The Russian authorities were alert to the slightest signs of Don separatism. In 1773 the Don otaman S. Efremov, a member of the Efremov otaman ‘dynasty,’ was accused of separatist tendencies and anti-Russian ties with the gortsy (Caucasian mountain peoples), Tatars, and Zaporozhian Cossacks. He was arrested and taken to Saint Petersburg. He was later rehabilitated; but the Russian authorities continued to fear an autonomist movement in the region and punished its supporters very severely. In 1792 a Cossack rebellion led by F. Sukhorukov and I. Rubtsov broke out and was suppressed by the government.

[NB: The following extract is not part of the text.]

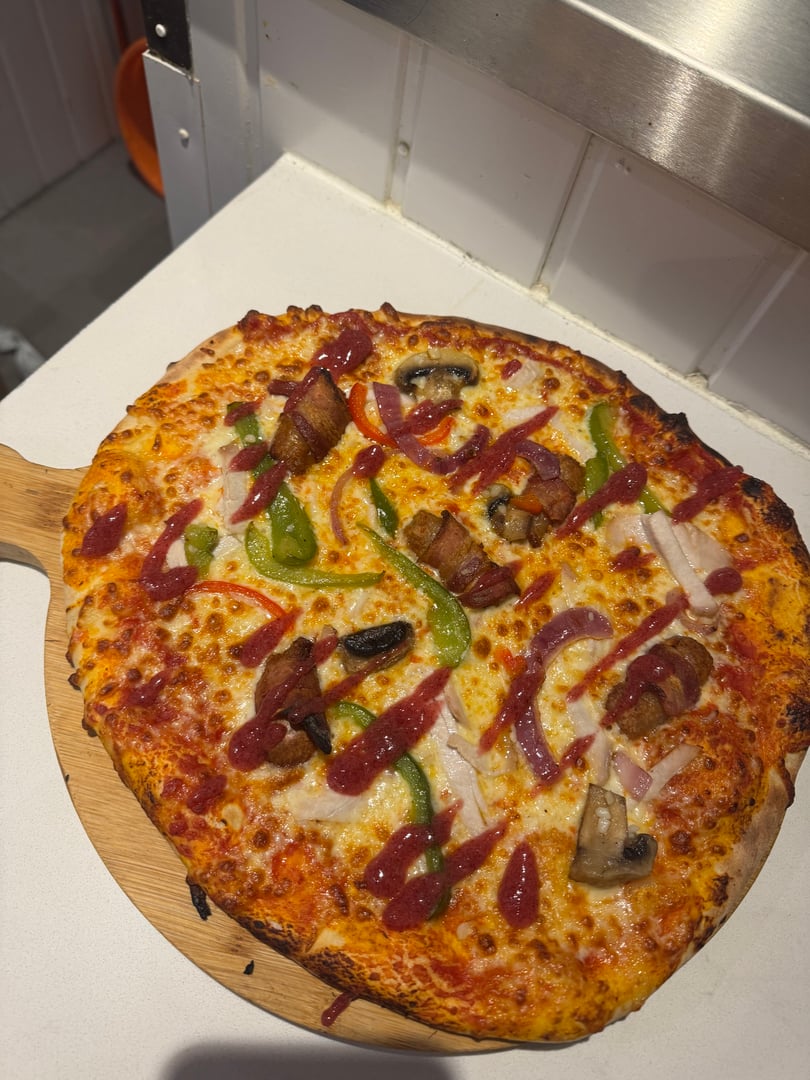 Pizza with bacon, green peppers, onions, mushrooms, and drizzled sauce on a wooden board.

In 1800 the brothers E. and P. Gruzinov (Georgians by origin), who were decorated officers of the Russian Guard but also Don patriots, were publicly tortured to death in Cherkassk on Paul I’s orders. Their associates were put to death for ‘treason against the fatherland’ and their plans to liberate the Don region from Russia.
After the Revolution of 1917 the autonomist movement became widespread in the Don region. The traditional Cossack order was revived, and a regional (krai) government headed by General A. Kaledin was set up; it did not recognize the Soviet government and proclaimed itself the supreme power. From 1917 to 1920 a war between Soviet Russia and the anti-Bolshevik forces took place in the region. In May 1918, after the region was cleared of the Bolsheviks, the constitution of the Great Don Host was adopted. The Don Cossack army became the main anti-Bolshevik force. In opposition to the independence movement among the Cossack rank and file, the officers (the otamans P. Krasnov and A. Bogaevsky, the head of the Great Military Circle V. Kharlamov, etc) worked towards reinstating a unified Russian state. They tried to win the Kuban population over. Anton Denikin’s Volunteer Army got its main support against the Bolsheviks from the Don Cossacks and the Don regional government.

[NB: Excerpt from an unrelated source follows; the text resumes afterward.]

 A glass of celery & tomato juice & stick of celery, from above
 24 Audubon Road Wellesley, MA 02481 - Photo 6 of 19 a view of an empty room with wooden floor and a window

Even after the defeat of the White forces, the region continued to give rise to anti-Soviet unrest and rebellions. The Soviet government abolished Don autonomy, stripped many Cossacks of their civil rights, and restricted their numbers in the military (until 1937). Like the population of Ukraine, the region’s population strongly resisted collectivization; it, too, sustained great losses during the famine of 1932–3. Several Soviet cavalry formations that were called Cossack fought in the Second World War. The Germans organized separate units of Don Cossacks from prisoners of war and used them to fight the Soviet Army. After Germany’s surrender the Allies handed over 2,750 officers and about 15,000 captured Don Cossacks to the Soviets.
The Soviet government was destroying the sociocultural distinctiveness and autonomy of the Cossack population, in accordance with the resolution of the All-Russian Worker-Cossack Congress that was held in Moscow in 1920: ‘The Cossacks are not at all a separate people or nation, but constitute an inseparable part of the Russian people.’
There is a Cossack independence movement abroad, supported mainly by Don Cossack émigrés.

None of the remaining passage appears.